Centralize log management is always a preferred solution for handling enterprise logging. Application, IT system, and cloud micro-service logs are collected and managed in one central location, for example, AWS EKS.
DevOps and automation teams play a central role in developing and maintaining the log management infrastructure. Log collections and analytics data preparation phases are all in place. See [1]. As nice as the system seen from high ground, there are engineering overheads to address the infrastructure’s computing, storage, and budget resource limitation.
The ingestion pipeline first filters the log data by extracting the useful log portion to reduce logging noises – what logs or log portions to retain or remove. The trimming directives usually come from the log data end-user, such as a data scientist or system analyst. They communicate with the DevOps/automation team to create customized log extraction filters for deployment. The goal is to control the logging volume size and content. The DevOps/Automation team builds the ad-hoc best-effort log filters, and the process is laborious and error-prone.
This log reduction filter control is in place for the log data infrastructure limitation. In this example, it uses Amazon elastic search service (EKS). Both the compute and storage resources for indexing needs to be checked for a healthy logging system. To maintain a performing stable operating state, the total number of ingesting logs is controlled at 30GB/day, see [8], and total backlogs are retained for two weeks. Data are backed to an economical Amazon S3 storage after that.

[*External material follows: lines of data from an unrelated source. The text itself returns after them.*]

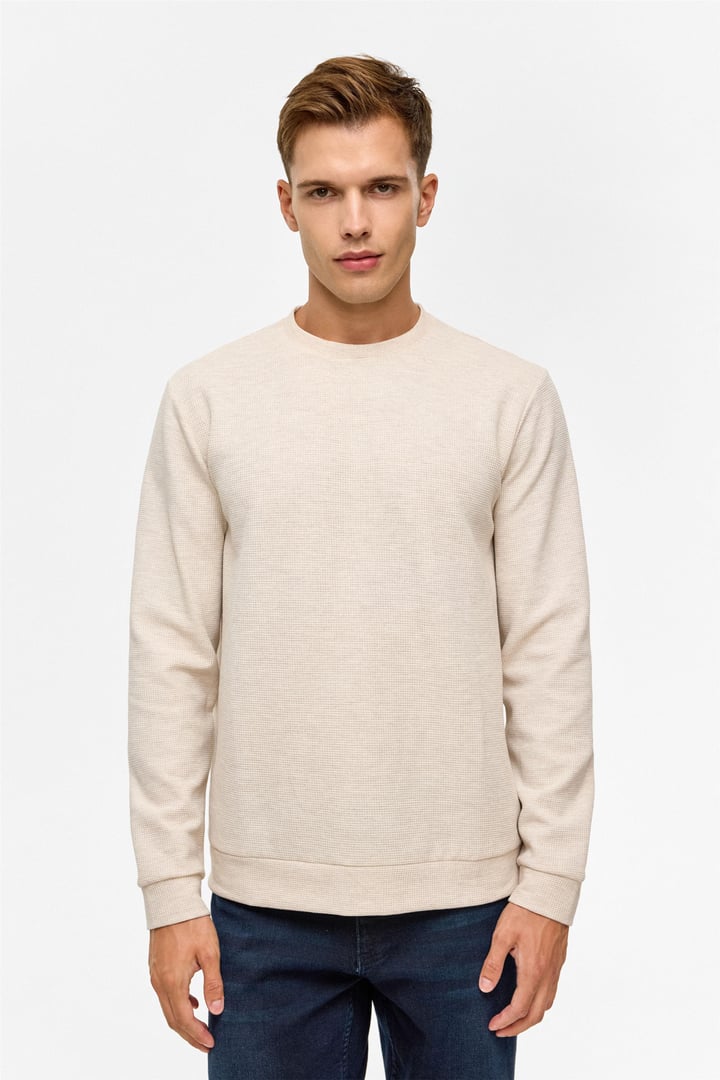 Bej Regular Düz Bisiklet Yaka Sweatshirt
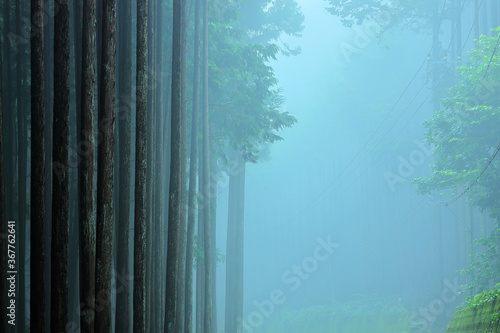 杉林の森,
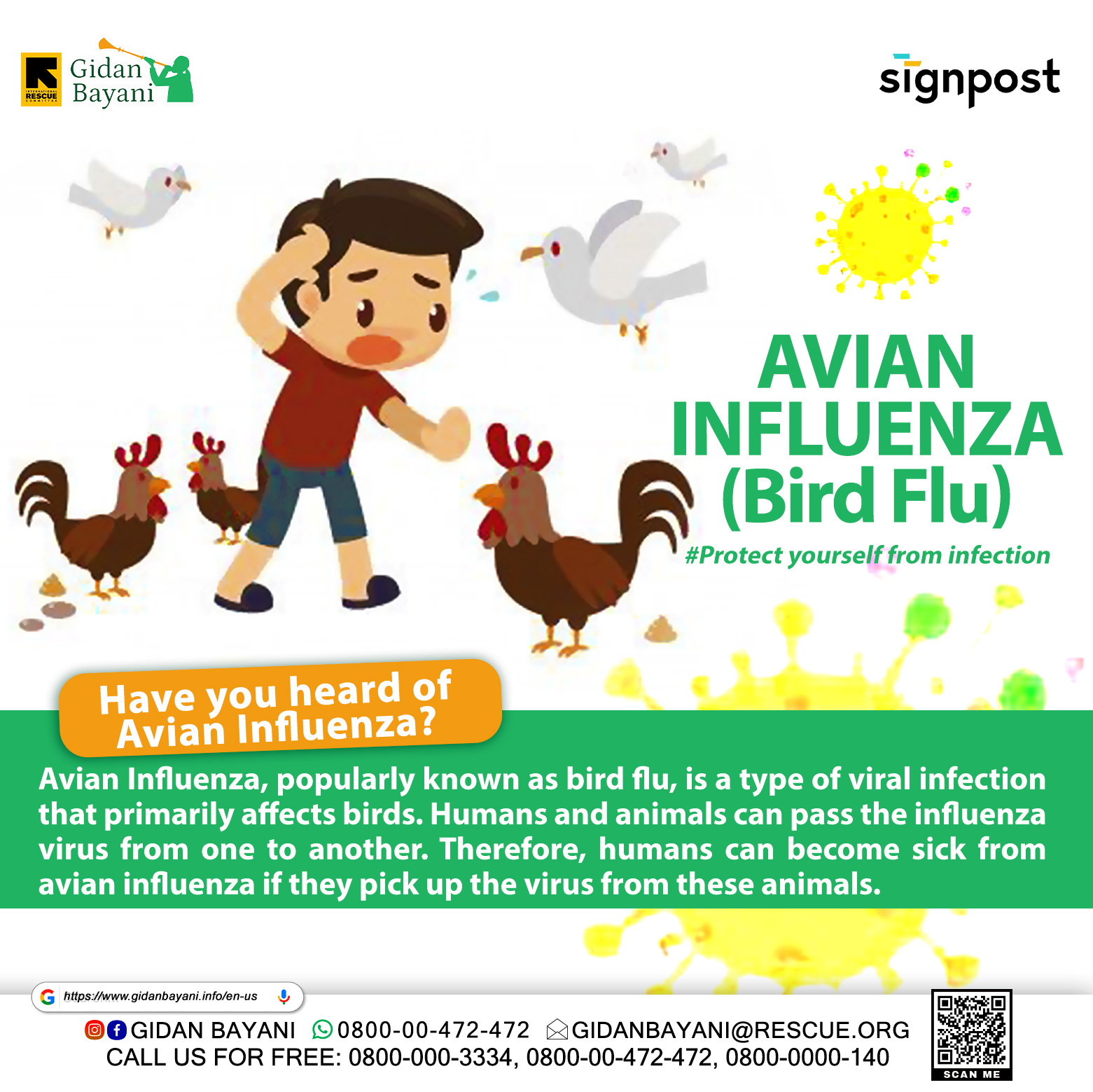 BIRD FLU.jpg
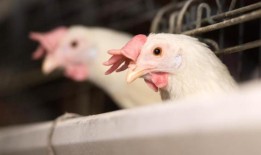 禽流感是新生物安全中心的重点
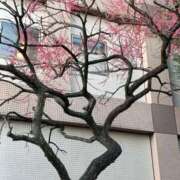 ヒメ日記 2025/03/15 00:09 投稿 遠藤（えんどう） 熟女の風俗最終章 大宮店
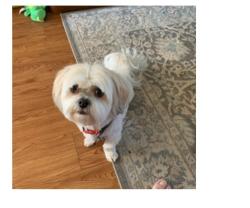 Lost Female Dog last seen Jerry lane & Pipeline, Bedford, TX 76022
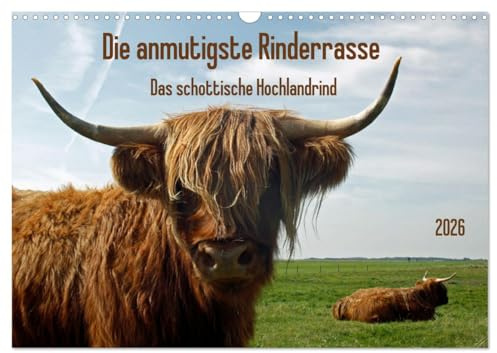 Die anmutigste Rinderrasse - Das schottische Hochlandrind (Wandkalender 2026 DIN A3 quer), CALVENDO Monatskalender: Die schottischen Hochlandrinder ... Betrachter in ihren Bann. (CALVENDO Tiere)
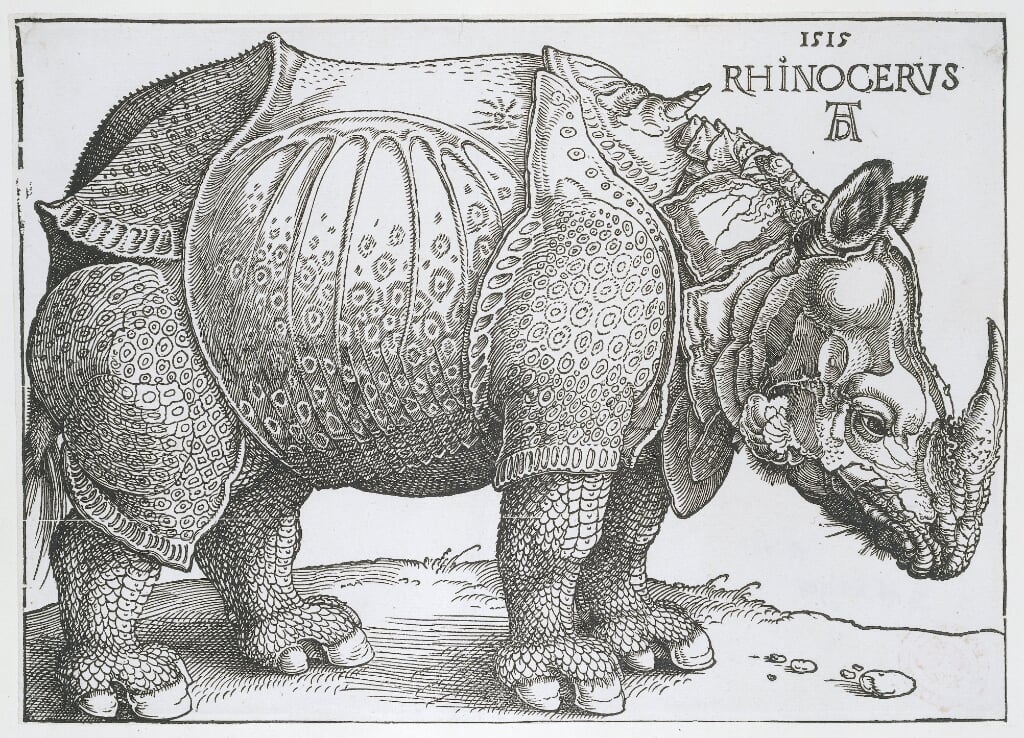Albrecht Dürer, Rhinocerus, houtsnede, 1515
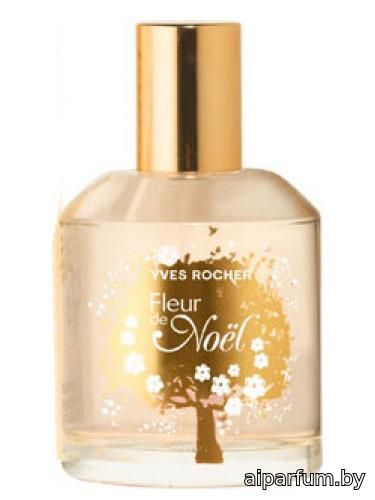 Fleur de Noel 2011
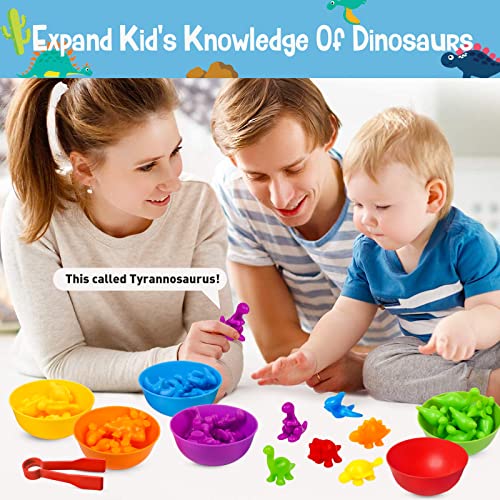 Counting Dinosaurs Color Sorting With Rainbow Bowls For Kids, Sensory Training & Counting Activity, Montessori Preschool Education Learning Math Sorting Toys Sets Gift For 3-5 Years Old Boys Girls #TOP5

Ingested log data are critical for company operations. Different business functional units for the company deals with different log data and different usage. For example, the performance and capacity team extracts metrics from logs to model system usage trends and forecast future demand. The customer business unit would extract metrics to analyze customer insight and creates business values, for example, customer churn. The DevOps would maintain the system’s operating state over SLA (Service Level Agreement) requirement. The log data metrics extraction and the subsequent analytics are highly customized, flexible, and fluid. Each functional unit is specifically created to solve specific business problems. It is highly desirable to utilize AI/ML techniques and methodology, see [7]. For example, holistically, log ingestion data pipe can be enhanced with tag or label to facilitate later AI/ML analysis. All the mutable fields in the log are automatically extracted for analysis. This subject will be revisited in another blog post.

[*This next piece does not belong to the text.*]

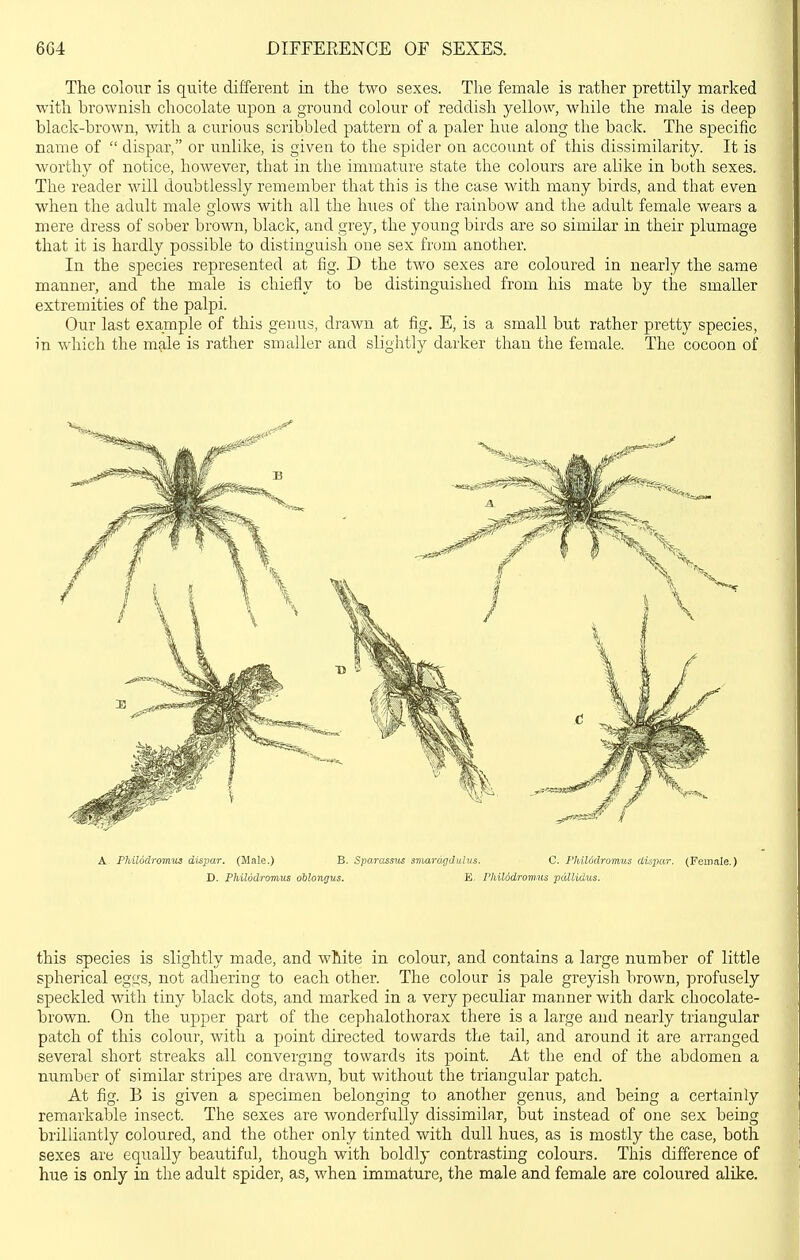 The colour is quite different in. the two sexes. The female is rather prettily marked with brownish chocolate upon a ground colour of reddish yellow, while the male is deep black-brown, with a curious scribbled pattern of a paler hue along the back. The specific name of  dispar, or unlike, is given to the spider on account of this dissimilarity. It is worthy of notice, however, that in the immature state the colours are alike in both sexes. The reader will doubtlessly remember that this is the case with many birds, and that even when the adult male glows with all the hues of the rainbow and the adult female wears a mere dress of sober brown, black, and grey, the young birds are so similar in their plumage that it is hardly possible to distinguish one sex from another. In the species represented at fig. D the two sexes are coloured in nearly the same manner, and the male is chiefly to be distinguished from his mate by the smaller extremities of the palpi. Our last example of this genus, drawn at fig. E, is a small but rather pretty species, in which the male is rather smaller and slightly darker than the female. The cocoon of A Philodromui dispar. (Male.) B. Sparasstis svMrd^duh/.s. C. PhiUdromus dispar. (Female.) D. Philodromns oblongus. E. PhiUdromus pdllidus. this species is slightly made, and wMte in colour, and contains a large number of little spherical eggs, not adhering to each other. The colour is pale greyish brown, profusely speckled with tiny black dots, and marked in a very peculiar manner with dark chocolate- brown. On the upper part of the cephalothorax there is a large and nearly triangular patch of this colour, with a point directed towards the tail, and around it are arranged several short streaks all converging towards its point. At the end of the abdomen a number of similar stripes are drawn, but without the triangular patch. At fig. B is given a specimen belonging to another genus, and being a certainly remarkable insect. The sexes are wonderfully dissimilar, but instead of one sex being brilliantly coloured, and the other only tinted with dull hues, as is mostly the case, both sexes are equally beautiful, though with boldly contrasting colours. This difference of hue is only in the adult spider, as, when immature, the male and female are coloured alike.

As mentioned earlier, the deployed Amazon ES operating resource needs to be monitored and controlled for a performing log system. Amazon ES infrastructure can scale-out, but the effort is not walk-in-the-park, and it often requires some degree of trial-and-error. The new ingesting log data capped at 30GB/day with a 2-week log data retention time for maintaining the operating budget and system performance. The system always holds about 500GB of new log records for processing. The overflown log is backup into Amazon S3 at $25/TB-month for an indefinite period. The AWS hosting of such a setup is around $60k/year, not including engineering and operator costs.
Here is a similar log infrastructure setup using Apica building blocks. The system now becomes simpler because addressing resource limitation is alleviated with the use of S3 storage. See figure below,
Apica log management infrastructure removes the engineering build-in infrastructure overhead. The new construct is efficient and straightforward. The table below lists the infrastructure resource engineering overheads, and the list tags are from an earlier drawing
Tag | Description | Overhead Action | Apica |
[4] | Need for reducing log ingestion to save log process resources. Consult and communicate with log end-user. | The process is error-prone due to log and apps changes and requirements. | Simple log data ingestion pipeline |
[5] | DevOps implement log filter to reduce ingest log count | Implementations and validate the stored log with end-user | No need to trim log data. Store un-redacted logs into S3 storage. |
[8] | Maintain constant overhead and scale-out ELK if needed | Elastic search service does not scale seamlessly. | Apica scales easily using K8S pods |
[9] | Daily backup the oldest logs to S3 to maintain stable log working set size | Add backup and no easy process for re-using the backup log data | Directly operate on S3 storage– Searching, event capturing, AI/ML analysis, etc. |
In summary, this article describes an operating log infrastructure setup on AWS. It also presents a similar Apica log infrastructure setup. Apica log management infrastructure removes induced engineering overhead because of its competitive advantage in the native use of S3 storage.
There are plenty of references on the web about scaling elastic search service and the common consensus from these references is such a task is not for the faint heart.